Curating the exhibition, Tom Christy explains: “Cally and Nick have developed a very honest concept: viewers may react to the images they have created by thinking about how they see themselves. It’s a display which will resonate with many parents and young people, for we’re all interested in how the world sees us.”
“At first glance, there’s dissonance rather than cohesion: their work differs dramatically in technique and approach. Yet both inventively use paint, line or video to explore and record who they are and who they have become.”
“I love the way the exhibition encourages the viewer to reassess their own sibling relationships as well as posing more general questions to do with identity and self.
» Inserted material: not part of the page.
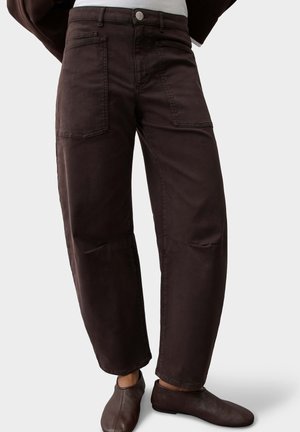 Personne portant un pantalon ample marron foncé avec de grandes poches avant et des chaussures marron foncé à enfiler sur un fond uni.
Having the show in a gallery linked to a school makes these questions even more pertinent: our siblings, whether we like it or not, have a great deal of influence and impact on who we each become.”
Nick adds: “It’s exciting to show in the Heseltine Gallery, on the site of a large art-focused school where students will get a chance to look at our work, from different periods of two artists’ lives. Hopefully, this will inspire discussion about what ‘portrait painting’ can, or might, mean for young people – the so-called ‘selfie generation’ – and encourage them to express their own view of themselves as well as how they are perceived.”
“Siblings Cannot Agree,” with free entry, will run 11am to 3pm, 17-29 September (inclusive) 2018. The Opening Event is on Sunday 16 September, 3-6pm. The Closing Event is on Saturday 29 September, 11am to 3pm, with a guided tour of the work, led by the artists, plus readings by both artists from their own writings. Much of the work will be for sale. Student projects will also be scheduled.
The Heseltine Gallery, Chenderit School, Archery Road, Middleton Cheney, OX17 2QR.